# Help run out of rows!!!!



## masplin (Feb 9, 2015)

I have a model that is connected to excel tables that are linked.   I was trying to update it when I realised I now have more rows of transactions than the 1,048,000 excel limit. We have just recently started looking at moving all the data to an sql import which i know would not have this limit, but that is possibly a while away. Meanwhile the company has no other tool for running its finances and other business intelligence. 

So before I give the CEO the bad news is there anything I can do quickly?  I believe if all the data was in  a CSV there is more room, but presumably as soon as i link that to powerpivot I would need to rewrite every measure?  This is the same amount of work as getting all the data into sql and importing directly I think. Is the best option just to get an sql DB in place urgently and just rebuild all the measures once?

Thanks for any advice.

mike


----------



## NeonRedSharpie (Feb 9, 2015)

Yea...once you've even come close to that limit it should have been in a database environment.

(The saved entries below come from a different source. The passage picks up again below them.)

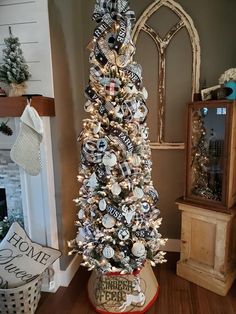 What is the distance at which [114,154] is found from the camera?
62.4 inches

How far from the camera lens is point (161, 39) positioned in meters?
2.22

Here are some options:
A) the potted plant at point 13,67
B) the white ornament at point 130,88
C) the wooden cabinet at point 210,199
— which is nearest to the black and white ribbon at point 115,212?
the wooden cabinet at point 210,199

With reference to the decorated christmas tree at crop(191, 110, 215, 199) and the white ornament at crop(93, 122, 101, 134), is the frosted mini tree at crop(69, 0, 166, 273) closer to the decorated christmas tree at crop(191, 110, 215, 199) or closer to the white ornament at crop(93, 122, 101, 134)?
the white ornament at crop(93, 122, 101, 134)

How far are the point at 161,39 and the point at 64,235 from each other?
6.14 ft

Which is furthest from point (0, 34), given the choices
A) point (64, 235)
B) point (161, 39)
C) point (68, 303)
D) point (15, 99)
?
point (68, 303)

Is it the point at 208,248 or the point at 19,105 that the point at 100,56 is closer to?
the point at 19,105

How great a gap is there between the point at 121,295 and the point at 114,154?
98cm

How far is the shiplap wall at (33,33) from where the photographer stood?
5.67ft

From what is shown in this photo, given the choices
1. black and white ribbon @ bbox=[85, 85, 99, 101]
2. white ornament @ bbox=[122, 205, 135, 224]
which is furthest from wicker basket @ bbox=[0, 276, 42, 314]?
black and white ribbon @ bbox=[85, 85, 99, 101]

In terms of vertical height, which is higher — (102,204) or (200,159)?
(200,159)

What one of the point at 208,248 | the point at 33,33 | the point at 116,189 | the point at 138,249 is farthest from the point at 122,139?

You can TRY access, but sql is going to be your friend at this point.


----------



## Asala42 (Feb 9, 2015)

If it were me I'd either import that data into MS Access or look for a way to split the query in some logical way

[edit] Another thing that might be worthwhile is to review a recent export and look for "junk records", see if there's something you can filter off on the query side that you've been unnecessarily pulling this whole time.


----------



## GDRIII (Feb 9, 2015)

PowerQuery might allow you to merge two sheets but, I have only a loose understanding of it's capabilities


----------



## scottsen (Feb 10, 2015)

There will be some minor suck... but I think you will live n stuff 

So, you have an immediate problem that deserves some immediate attention.  I think SQL is a longer term play.   Getting that data out of a sheet and into a CSV is pretty easy.  Importing it to power pivot via the CSV ... easy.  The only thing that really sucks is re-creating the 1 table.  If there are measures on it... move them off to some other table first.  Then nuke the table, bring in the table via the csv, move your measures back, recreate any relationships... done.

Then you can think about SQL once you are back to breathing...


----------